(1.) THE following judgment of the court was delivered
(2.) IN this case the assessee is a Hindu undivided family carrying on business in radios and musical instruments at Moradpur, Patna, in the name of Das & Company. We are concerned in this case with the assessment year 1951-52, for which the relevant accounting year is Bengali Sambat year 1357. On 2nd April, 1951, the assessee sold certain goods and assets worth Rs. 1,00,470 to an incorporated company, named Electricity and Sound Limited, which is hereinafter referred to as "the company". The Muzaffarpur branch of the assessee also sold goods to the company to the extent of Rs. 18,669. The aggregate value of the goods sold to the company, therefore, amounted to Rs. 1,19,138. It appears that the assessee also sold to the company the goodwill of the business for a sum of Rs. 50,000. The INcome-tax Officer held that the stock-in-trade should not have been sold by the assessee to the company at cost price, and on the statement of gross profits disclosed by the assessee the INcome-tax Officer found that the assessee was earning a gross profit on an average of 35 per cent. per year, and the finding of the INcome-tax Officer was that on this basis the sale value of the stock-in-trade should be over Rs. 1,50,000 and profit of Rs. 50,000 should have accrued to the assessee in respect of the stock-in-trade sold to the company. The view taken by the INcome-tax Officer apparently was that the sum of Rs. 50,000 paid to the assessee for the sale of goodwill did not really represent the price of the goodwill but represented the profits made by the assessee on the transaction of the sale of the stock-in-trade. Accordingly, the INcome-tax Officer added a sum of Rs. 50,000 to the gross profit of the assessee for the accounting year in question. The assessee took the matter in appeal to the Appellate Assistant Commissioner, who took the view that the value of the goodwill should be placed at Rs. 25,000 and the profits made by the assessee on the sale of the stock-in-trade should be Rs. 25,000 and accordingly the profits of the assessee should be increased by a sum of Rs. 25,000. The assessee preferred an appeal to the INcome-tax Appellate Tribunal, but the appeal was dismissed.

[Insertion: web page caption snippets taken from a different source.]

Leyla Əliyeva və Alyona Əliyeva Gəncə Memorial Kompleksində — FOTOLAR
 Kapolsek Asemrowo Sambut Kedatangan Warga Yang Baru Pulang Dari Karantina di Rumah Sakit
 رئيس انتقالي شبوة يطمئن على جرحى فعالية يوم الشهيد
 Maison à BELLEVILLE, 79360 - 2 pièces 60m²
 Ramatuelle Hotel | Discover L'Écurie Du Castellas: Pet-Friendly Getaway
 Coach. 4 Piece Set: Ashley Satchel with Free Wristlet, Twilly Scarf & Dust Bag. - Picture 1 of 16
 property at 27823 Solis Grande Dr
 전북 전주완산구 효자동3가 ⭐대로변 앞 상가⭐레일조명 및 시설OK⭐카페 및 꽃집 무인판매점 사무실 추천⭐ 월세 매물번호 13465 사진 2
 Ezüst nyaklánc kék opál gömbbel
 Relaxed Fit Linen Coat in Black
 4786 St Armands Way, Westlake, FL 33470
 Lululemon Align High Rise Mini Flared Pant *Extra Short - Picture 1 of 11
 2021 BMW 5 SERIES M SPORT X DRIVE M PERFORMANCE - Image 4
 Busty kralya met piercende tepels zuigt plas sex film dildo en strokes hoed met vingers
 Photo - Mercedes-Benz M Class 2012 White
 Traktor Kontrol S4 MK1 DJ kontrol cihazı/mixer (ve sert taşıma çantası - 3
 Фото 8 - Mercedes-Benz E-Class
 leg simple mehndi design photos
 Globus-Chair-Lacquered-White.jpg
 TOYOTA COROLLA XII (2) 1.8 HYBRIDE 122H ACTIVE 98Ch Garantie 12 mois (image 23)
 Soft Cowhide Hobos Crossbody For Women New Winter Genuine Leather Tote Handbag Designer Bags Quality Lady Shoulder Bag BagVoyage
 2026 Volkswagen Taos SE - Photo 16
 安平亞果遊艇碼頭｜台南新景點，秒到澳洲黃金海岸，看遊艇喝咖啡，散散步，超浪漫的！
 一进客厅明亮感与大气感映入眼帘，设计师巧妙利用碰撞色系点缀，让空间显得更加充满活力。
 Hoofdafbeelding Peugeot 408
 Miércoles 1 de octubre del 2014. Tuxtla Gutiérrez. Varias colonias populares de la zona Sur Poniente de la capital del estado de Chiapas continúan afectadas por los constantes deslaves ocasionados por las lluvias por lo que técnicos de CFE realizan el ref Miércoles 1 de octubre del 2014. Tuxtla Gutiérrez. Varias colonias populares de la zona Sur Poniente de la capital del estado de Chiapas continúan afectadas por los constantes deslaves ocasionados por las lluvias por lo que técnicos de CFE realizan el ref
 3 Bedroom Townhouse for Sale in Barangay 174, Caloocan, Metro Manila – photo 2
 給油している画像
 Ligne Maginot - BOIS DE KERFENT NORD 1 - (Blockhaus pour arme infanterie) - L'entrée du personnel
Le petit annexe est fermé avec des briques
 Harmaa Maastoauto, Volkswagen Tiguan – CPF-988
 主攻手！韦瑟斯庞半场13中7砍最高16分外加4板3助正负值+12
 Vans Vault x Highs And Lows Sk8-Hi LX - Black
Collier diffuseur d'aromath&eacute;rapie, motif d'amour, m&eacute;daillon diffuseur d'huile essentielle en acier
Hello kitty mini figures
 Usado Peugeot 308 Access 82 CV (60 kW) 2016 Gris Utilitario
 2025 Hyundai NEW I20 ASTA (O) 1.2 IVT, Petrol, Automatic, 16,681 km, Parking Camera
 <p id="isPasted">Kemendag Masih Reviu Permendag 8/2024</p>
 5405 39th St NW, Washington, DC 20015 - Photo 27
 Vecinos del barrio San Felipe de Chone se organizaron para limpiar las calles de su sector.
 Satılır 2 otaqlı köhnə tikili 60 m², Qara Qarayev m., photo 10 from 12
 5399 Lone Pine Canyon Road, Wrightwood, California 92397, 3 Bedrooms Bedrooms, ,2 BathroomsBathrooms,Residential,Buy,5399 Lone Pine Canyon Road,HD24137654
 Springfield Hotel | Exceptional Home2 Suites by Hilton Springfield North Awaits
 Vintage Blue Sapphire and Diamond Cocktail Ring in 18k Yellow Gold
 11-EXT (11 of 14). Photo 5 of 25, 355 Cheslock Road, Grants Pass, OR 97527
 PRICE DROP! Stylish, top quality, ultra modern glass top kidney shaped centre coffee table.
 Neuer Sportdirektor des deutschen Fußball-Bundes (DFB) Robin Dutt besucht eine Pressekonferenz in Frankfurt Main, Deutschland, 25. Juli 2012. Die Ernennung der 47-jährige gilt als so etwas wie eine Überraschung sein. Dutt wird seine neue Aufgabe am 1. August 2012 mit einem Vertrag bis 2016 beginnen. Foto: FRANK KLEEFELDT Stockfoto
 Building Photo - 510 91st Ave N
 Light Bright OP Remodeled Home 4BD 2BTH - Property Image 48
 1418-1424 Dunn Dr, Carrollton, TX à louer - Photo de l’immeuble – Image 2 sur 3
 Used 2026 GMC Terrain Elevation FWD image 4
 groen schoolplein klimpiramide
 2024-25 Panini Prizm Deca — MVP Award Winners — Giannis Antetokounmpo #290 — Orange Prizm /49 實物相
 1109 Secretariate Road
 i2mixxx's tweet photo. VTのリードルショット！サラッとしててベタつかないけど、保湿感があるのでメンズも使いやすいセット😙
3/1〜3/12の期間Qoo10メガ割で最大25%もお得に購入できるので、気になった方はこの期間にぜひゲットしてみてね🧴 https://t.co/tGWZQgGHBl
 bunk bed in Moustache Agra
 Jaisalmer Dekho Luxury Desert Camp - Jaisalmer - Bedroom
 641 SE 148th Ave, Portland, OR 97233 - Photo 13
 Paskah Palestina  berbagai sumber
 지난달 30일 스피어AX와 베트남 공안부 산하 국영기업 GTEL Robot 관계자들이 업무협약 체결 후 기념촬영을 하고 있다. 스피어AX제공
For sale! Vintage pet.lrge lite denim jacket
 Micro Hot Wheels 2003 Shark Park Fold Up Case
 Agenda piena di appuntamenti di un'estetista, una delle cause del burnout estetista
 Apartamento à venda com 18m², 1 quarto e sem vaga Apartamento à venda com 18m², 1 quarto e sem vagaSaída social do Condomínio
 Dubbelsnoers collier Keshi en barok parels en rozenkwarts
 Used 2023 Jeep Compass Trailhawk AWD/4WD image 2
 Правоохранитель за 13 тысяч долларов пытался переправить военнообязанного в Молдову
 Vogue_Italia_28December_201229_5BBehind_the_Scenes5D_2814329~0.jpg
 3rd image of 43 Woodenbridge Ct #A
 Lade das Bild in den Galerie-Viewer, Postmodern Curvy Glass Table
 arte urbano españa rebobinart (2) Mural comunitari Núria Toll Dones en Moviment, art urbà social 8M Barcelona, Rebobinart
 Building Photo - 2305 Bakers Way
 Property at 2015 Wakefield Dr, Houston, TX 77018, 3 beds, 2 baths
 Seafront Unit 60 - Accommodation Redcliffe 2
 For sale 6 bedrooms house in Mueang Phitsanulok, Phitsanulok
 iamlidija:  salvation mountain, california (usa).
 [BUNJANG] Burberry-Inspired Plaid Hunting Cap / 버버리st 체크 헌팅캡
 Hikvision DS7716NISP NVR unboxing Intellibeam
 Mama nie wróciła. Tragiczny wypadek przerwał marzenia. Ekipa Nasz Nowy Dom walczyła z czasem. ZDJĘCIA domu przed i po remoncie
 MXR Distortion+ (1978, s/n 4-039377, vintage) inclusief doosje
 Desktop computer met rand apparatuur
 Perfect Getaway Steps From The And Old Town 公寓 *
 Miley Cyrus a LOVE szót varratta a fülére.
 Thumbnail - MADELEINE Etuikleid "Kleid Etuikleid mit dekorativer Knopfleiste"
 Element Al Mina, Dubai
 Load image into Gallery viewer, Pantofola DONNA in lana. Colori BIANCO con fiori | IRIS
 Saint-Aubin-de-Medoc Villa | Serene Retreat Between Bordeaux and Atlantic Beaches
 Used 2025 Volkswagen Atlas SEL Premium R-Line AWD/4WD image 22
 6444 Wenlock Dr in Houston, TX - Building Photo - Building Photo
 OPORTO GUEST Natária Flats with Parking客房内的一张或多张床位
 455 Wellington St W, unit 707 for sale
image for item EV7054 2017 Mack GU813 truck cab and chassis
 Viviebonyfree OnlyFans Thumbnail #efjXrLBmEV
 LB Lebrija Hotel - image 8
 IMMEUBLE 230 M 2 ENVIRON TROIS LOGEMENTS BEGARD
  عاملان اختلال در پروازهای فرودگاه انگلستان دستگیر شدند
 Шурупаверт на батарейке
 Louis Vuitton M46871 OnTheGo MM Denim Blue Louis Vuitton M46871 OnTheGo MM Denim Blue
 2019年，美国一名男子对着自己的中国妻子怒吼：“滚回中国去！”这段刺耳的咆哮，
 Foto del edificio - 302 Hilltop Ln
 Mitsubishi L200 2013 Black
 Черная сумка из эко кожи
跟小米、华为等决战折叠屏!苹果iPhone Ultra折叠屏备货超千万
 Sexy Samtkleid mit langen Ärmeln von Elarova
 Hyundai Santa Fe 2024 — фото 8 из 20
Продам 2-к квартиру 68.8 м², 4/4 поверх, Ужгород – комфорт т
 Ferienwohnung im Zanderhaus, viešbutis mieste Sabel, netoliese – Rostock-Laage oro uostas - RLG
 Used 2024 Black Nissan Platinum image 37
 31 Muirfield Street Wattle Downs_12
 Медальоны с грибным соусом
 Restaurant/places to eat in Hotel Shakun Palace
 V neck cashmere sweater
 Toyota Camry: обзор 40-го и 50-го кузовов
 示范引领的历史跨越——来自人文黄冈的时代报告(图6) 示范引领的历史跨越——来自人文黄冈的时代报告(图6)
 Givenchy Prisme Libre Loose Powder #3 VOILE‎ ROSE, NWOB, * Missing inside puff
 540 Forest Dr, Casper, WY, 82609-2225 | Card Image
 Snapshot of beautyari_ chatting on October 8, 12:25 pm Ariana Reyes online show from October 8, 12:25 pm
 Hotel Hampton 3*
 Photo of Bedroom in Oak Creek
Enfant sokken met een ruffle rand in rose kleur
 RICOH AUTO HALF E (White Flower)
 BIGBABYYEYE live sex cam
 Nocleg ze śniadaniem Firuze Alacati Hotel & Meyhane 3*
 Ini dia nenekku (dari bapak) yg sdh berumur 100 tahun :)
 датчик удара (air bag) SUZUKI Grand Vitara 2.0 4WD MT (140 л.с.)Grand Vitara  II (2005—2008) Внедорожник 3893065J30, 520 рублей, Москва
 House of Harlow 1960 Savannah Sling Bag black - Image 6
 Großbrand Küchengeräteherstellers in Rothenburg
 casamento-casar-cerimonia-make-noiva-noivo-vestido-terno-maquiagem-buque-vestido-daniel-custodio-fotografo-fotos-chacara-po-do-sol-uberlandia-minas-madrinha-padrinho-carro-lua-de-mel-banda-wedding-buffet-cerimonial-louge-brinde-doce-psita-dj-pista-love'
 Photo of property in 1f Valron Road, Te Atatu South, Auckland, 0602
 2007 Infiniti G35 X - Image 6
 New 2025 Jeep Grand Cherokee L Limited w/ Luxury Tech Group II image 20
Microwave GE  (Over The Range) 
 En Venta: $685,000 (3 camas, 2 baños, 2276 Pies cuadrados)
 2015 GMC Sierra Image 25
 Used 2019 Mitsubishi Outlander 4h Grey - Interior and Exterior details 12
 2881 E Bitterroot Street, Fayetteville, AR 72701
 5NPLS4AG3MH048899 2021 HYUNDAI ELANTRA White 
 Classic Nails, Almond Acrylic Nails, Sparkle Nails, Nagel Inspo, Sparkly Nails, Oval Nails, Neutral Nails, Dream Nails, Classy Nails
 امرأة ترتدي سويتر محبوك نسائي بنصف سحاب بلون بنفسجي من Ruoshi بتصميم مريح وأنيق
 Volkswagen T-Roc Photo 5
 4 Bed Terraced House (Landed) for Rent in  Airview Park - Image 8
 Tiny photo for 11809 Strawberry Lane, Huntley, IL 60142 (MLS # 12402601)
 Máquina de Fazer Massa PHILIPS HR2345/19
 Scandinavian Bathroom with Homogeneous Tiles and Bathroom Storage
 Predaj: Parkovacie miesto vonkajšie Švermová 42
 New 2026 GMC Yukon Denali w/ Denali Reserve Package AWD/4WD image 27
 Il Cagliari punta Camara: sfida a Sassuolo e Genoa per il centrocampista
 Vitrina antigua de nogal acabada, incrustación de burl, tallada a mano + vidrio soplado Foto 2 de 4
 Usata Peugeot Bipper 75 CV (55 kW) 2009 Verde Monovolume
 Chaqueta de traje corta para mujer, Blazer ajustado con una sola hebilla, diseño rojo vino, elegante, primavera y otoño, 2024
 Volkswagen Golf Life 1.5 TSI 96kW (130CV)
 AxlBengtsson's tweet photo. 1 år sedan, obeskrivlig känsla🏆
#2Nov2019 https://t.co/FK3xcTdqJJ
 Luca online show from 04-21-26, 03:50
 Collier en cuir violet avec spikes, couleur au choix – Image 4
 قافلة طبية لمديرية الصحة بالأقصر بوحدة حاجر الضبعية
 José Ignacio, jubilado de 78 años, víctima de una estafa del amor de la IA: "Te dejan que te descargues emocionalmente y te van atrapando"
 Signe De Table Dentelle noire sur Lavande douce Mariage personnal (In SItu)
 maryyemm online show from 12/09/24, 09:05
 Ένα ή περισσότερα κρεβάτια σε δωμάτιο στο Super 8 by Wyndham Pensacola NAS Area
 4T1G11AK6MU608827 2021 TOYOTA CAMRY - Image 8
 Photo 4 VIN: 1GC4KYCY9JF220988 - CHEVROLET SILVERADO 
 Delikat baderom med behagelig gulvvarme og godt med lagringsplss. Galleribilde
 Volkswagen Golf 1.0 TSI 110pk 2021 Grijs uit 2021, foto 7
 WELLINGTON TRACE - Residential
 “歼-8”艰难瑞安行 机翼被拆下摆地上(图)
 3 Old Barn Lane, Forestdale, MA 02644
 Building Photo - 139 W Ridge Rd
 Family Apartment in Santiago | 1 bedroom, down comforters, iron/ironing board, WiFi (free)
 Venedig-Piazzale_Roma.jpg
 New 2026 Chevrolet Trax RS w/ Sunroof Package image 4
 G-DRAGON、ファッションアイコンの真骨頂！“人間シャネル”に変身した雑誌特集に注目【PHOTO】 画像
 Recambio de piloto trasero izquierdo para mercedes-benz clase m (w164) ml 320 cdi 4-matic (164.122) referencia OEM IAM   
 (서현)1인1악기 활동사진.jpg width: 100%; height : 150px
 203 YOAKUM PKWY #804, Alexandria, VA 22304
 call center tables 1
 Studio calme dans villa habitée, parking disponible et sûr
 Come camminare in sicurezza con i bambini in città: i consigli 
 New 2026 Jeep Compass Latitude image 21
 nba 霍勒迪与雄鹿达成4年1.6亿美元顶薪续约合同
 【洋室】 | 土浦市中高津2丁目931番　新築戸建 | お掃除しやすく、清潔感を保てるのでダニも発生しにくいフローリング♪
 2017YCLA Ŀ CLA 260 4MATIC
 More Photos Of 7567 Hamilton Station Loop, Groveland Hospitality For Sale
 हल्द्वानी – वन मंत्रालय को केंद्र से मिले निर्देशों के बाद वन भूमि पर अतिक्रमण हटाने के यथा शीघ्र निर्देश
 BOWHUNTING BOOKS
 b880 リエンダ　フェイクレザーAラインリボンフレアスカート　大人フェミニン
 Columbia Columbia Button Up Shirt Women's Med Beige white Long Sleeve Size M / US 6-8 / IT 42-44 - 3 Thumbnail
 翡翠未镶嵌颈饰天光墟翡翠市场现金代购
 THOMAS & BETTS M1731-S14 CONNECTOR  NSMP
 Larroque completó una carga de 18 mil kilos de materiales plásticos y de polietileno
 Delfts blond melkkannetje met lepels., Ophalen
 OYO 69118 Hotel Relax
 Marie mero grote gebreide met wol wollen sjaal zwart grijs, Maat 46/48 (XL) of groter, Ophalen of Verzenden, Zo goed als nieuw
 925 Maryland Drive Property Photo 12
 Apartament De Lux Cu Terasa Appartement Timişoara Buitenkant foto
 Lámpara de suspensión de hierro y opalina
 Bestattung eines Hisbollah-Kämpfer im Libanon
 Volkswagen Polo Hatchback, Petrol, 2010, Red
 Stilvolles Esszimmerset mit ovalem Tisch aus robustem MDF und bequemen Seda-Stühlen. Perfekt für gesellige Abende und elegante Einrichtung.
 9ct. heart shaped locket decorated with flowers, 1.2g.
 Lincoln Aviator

(3.) APPLYING the principle of these authorities to the present case we hold that there was no material before the income-tax authorities to suggest that the transaction between the company and the assessee was not bona fide and that the price actually paid for the stock-in-trade was in any way different from the amount of Rs. 1,19,138 which was the contractual price agreed upon between the parties for the transfer of the stock-in-trade.